Henüz seçilmeden önce, yani başkan koltuğuna oturmadan hayalini kurduğu Zevzek Tepesi mevkiinde uygulamaya koyduğu projesini şevkle anlatıyor Başkan Sofu. Bizim de gezdiğimiz bölgede düşük bütçeli bir belediye için büyük sayılabilecek yatırım gözle görülür biçimde ilerlemiş. Ardıç, çam ağaçlarının arasında ilçeye hâkim bir yükseltide, 130 dönümlük alanda devam eden projede, planlanan 30 bungalov evden 10’u tamamlanmış. Karavan park ile otopark bitmek üzereydi. Yöre gastronomisinden örnekler sunacak restoran ile kahvaltı salonu ekipmanlarıyla birlikte son dokunuşları bekliyor. Ayrıca küçük bir sahnenin de içinde olacağı çok amaçlı 120 metrekarelik salon kültürel sanatsal etkinliklere mekân olacağı gibi şirket, dernek vb. kurumların barınmalı toplantılarına ev sahipliği yapmaya hazırlanıyor.

 

Zevzek Tepesi Projesi’ni yaşama geçirmek için risk aldıklarını dillendiren Başkan Sofu; doğal, tarihi ve kültürel zenginliğin turistik aktiviteye dönüşmesi gerektiğini anlatırken, “Turist gelecekse önce konaklayacağı, yemek yiyeceği yerleri hazır etmek gerekir. Tüm Çukurova’nın ve Toroslar’ın karavan, çadır, bungalov ve sosyal tesis bütünlüğünü sağlayan tek kompleksini çok kısa zamanda açacağız” diyor. Tesislere çıkan asfalt yol ve altyapı dahil tüm yatırımı kendi olanaklarıyla gerçekleştirdiklerini anımsatan Başkan, “Bizim artımız, ihaleye çıkarmadan, kendi personelimiz ve ekipmanımızla yapmaktır. Düşünülenin çok altında harcamayla bitirme aşamasına geldik” diye ekliyor. 

 

 

Mehmet Fatih Sofu, Zevzek Tepesi yatırımını bitirme aşamasına yaklaşmışken yeni bir projeye hazırlandıkları haberini de veriyor. İlçe merkezine 5-6 kilometre uzaklıkta Sığır Yaylası adıyla anılan görece düzlük alanın 200 dönümlük bölümünü Milli Parklar Genel Müdürlüğü’nden kiralamışlar. Çamlıyayla Belediyesi olarak buraya da turizm tesisi yapmak amacındalar.
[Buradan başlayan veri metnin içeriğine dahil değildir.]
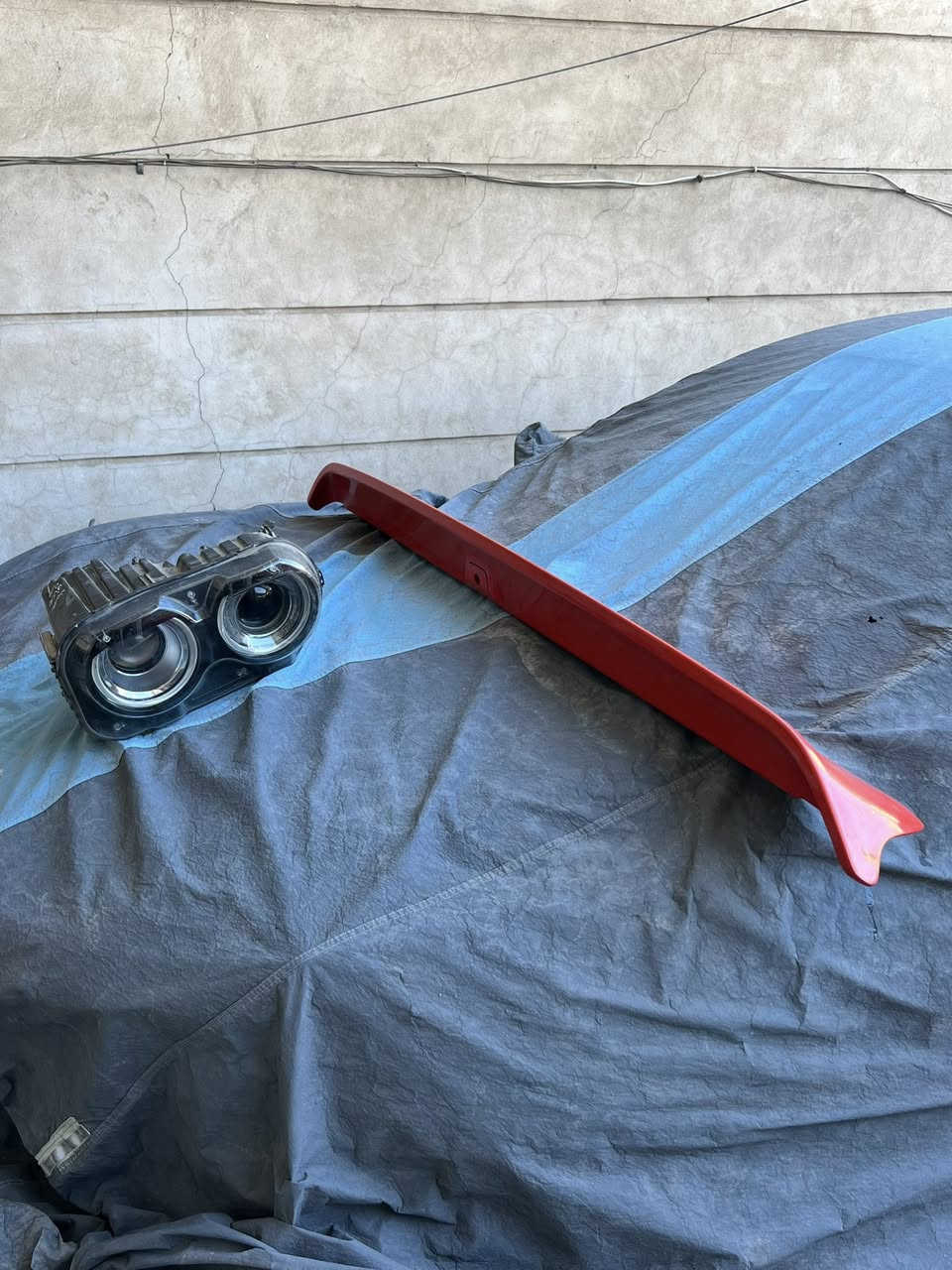 السلام عليكم حبايب
جناح جالنجر ريد آي سعرة 60 الف 
لايت جالنجر تك يمنة تايوان ابو المحولة الاصلية زنون 150 الف 
جاملغ امامي بي تصليح 40 الف 
الي تفيدة الغراض مكاني بغداد سريع حي العامل 
***********
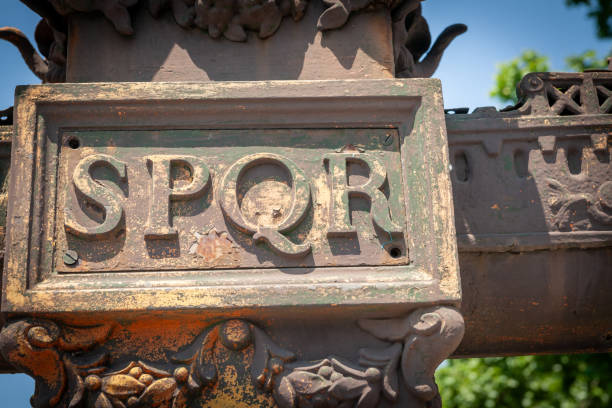 istock Abbreviation close-up letters SPQR 2019020084
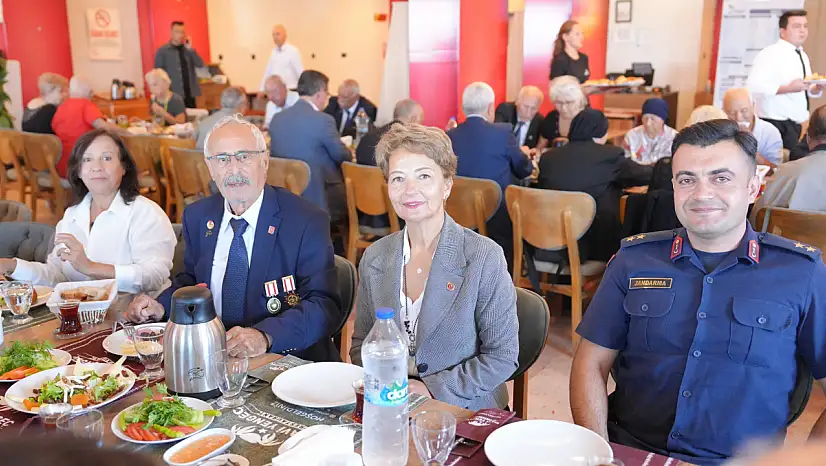 Burhaniye Belediyesi'nden Gazilere Vefa Kahvaltısı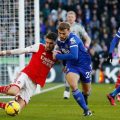 Salah satu pemain Arsenal sedang dihalangi pemain Leicester dalam perebutan bola di Stadium King Power. Arsenal menang 1-0 dalam laga itu. Foto:Reuters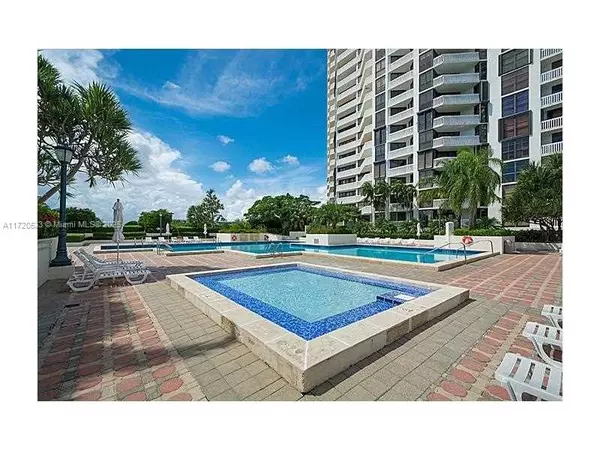 Aventura, FL 33160,1000 Island Blvd #708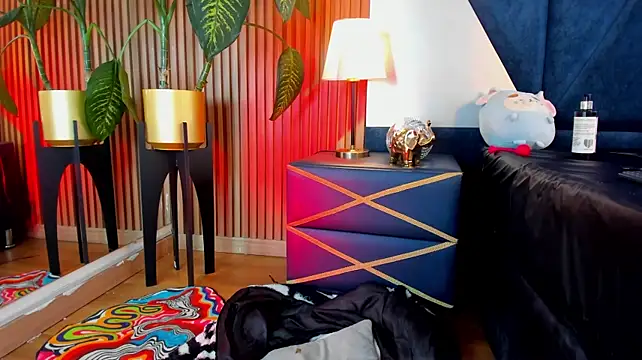 Olivia_Collinns1 live cam on StripChat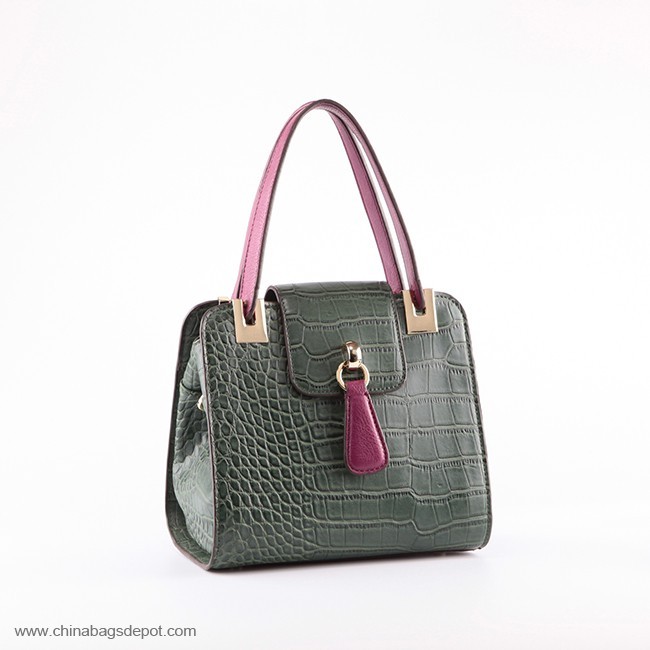 Women shoulder handbag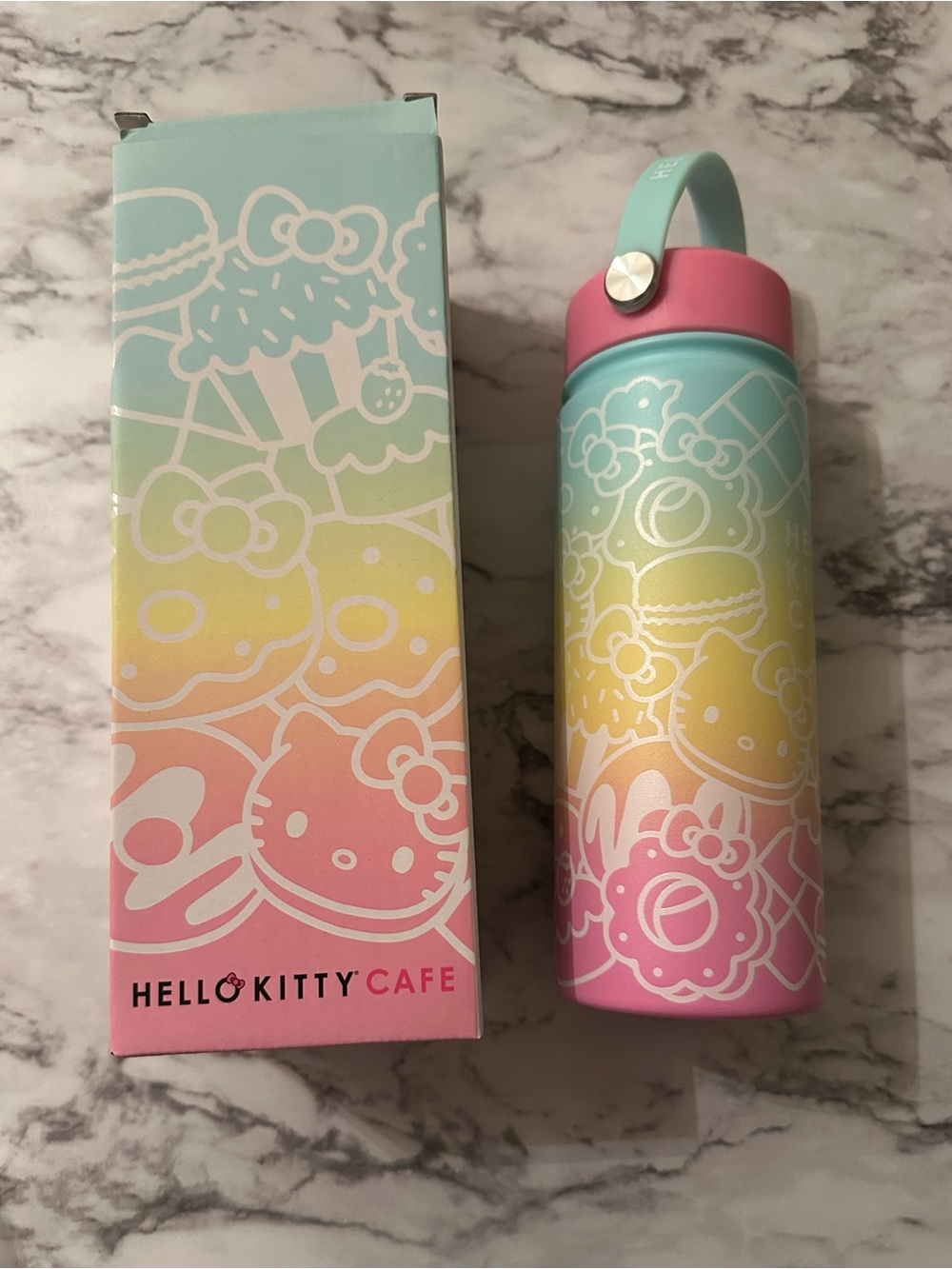 NEW Hello Kitty Pastel Rainbow Café Bottle with Pink Lid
Genç Başkan’ın halktan bir istemi de var; “Bu kadar konutu turizm potansiyeli olarak kullanmamak doğru değil. Vatandaş da bu yönelim içinde olmalı. Örneğin boş evler dönemsel olarak kiraya verilebilir. Para kazanıldığı görülürse daha büyük yatırımların da geleceği aşikârdır.”

 

“İlk kez 2019’da Belediye Başkanlığı’na aday oldum. Kısmetimizde 2024’te seçilmek varmış” diyen 1982 doğumlu Başkan Sofu’ya seçim vaatlerini ne ölçüde yerine getirdiğini sorduk. Aldığımız yanıt çarpıcı:

“5 yıl için verilen vaatlerin çoğunu ilk 15 ayda gerçekleştirdik. Çamlıyayla tarihinde ilk kez 5 kilometre parke yol döşerken 10 kilometre de asfalt yaptık. Oluşturduğumuz aşevinde yardıma muhtaç 100 hemşerimize günlük yemeğini evlerine ulaştırıyoruz. Cenazesi olan ailelere ilk günün toplu yemeği de buradan sağlanıyor.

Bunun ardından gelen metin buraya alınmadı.